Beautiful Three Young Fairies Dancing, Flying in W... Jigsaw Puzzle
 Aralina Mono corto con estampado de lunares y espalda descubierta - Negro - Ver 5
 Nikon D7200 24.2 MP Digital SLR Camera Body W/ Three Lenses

◆ ◆ ◆ ◆

» WHAT YOU NEED TO DO: Reproduce each line of the data containing the word "Three".

» TASK ANSWER:
Beautiful Three Young Fairies Dancing, Flying in W... Jigsaw Puzzle
 Nikon D7200 24.2 MP Digital SLR Camera Body W/ Three Lenses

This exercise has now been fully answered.